Die vielen Kurven hoch zum Pass machen daher heute ganz besondere Freude. Das Ziel, der Wassertempel ist erreicht. Doch alles kommt uns ein wenig merkwürdig vor. Nach Zahlung von 2.000 Rupien mit Quittung für Motorrad und 10.000 Rupien Eintritt pro Person käme doch normalerweise der vorgeschriebene Punkt sich mit der entsprechenden Kleidung, dem Sarong, für den Tempel fein zu machen. Des Rätsels Lösung kommt gleich, denn der Tempel ist von Heerscharen von Touristen umlagert und offensichtlich als Tribut an den Massentourismus hat man die Kleidervorschrift abgeschafft. Der Tempel und die gesamte Anlage ist vom Heiligtum zum reinen Fotomotiv degradiert. Wenn auch zugegeben zu einem sehr schönen. Die Wolken ziehen sich mehr und mehr zusammen, es beginnt bereits leicht zu regnen. Höchste Zeit wieder ins Tiefland nach Ubud zu fahren. Leider können wir nicht wie die einheimischen Zweiradfahrer einen Regenponcho überziehen und so müssen wir durch den nun wolkenbruchartigen Schauer hindurch. Visier zu und auf die warme Dusche im Hotel freuen ist nun die Devise.

 

Unsanft klingelt am nächsten Morgen bereits um acht Uhr das Telefon. Am anderen Ende unser Motorradvermieter und, er ist schon im Foyer des Hotels.
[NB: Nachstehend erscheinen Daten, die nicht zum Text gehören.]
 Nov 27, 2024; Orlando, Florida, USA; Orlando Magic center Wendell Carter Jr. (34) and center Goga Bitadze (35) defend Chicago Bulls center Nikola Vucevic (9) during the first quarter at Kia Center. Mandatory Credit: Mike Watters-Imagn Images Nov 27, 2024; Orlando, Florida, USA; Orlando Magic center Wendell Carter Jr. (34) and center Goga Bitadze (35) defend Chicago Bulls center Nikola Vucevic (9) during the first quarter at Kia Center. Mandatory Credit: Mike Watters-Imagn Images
Viel zu schnell müssen wir unsere liebgewonnene Tiger, die uns fast 1.000 Kilometer ohne Mucken und Zicken begleitet hat, abgeben.

 

Der Motorradtraum Bali ist zu Ende, aber die unendlichen Eindrücke, die Tempel, die Vulkanlandschaften, die Reisterrassen und nicht zuletzt die freundlichen und warmherzigen Menschen bleiben im Herzen.